Only one stretch of the data below is needed: the line with "Young running man against digital media background Young" through the last line. Output it exactly and drop the pictures.

**GIVEN MATERIAL:**
[Start of section]
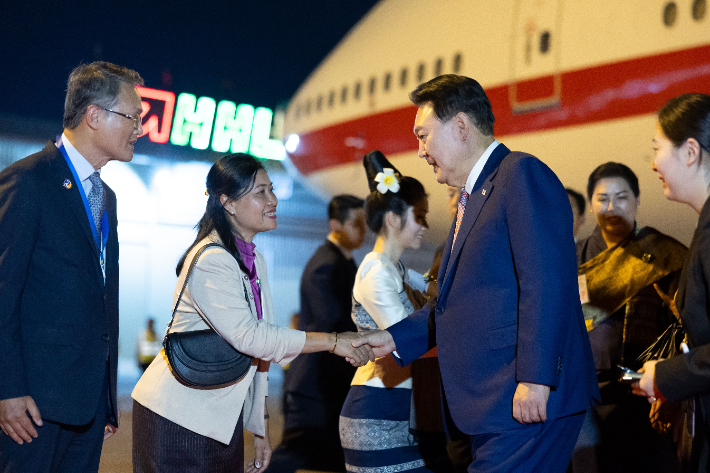 아세안 정상회의에 참석하는 윤석열 대통령과 김건희 여사가 9일(현지시간) 라오스 비엔티안 왓타이 국제공항에 도착해 영접 인사들과 악수하고 있다. 연합뉴스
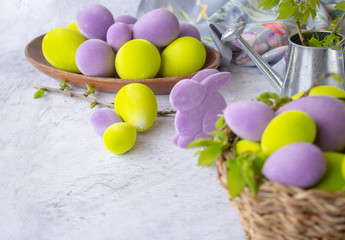 Obraz na płótnie Canvas easter green and purple eggs with rabbit on a light surface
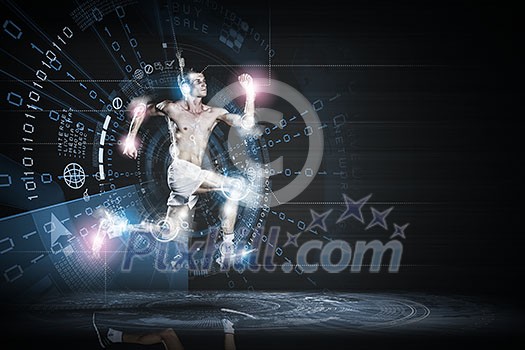 Young running man against digital media background Young running man against digital media background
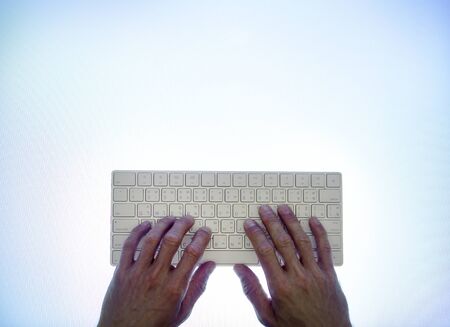 Hands typing on a keyboard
[End of section]
**TASK SOLUTION:**
 Young running man against digital media background Young running man against digital media background
 Hands typing on a keyboard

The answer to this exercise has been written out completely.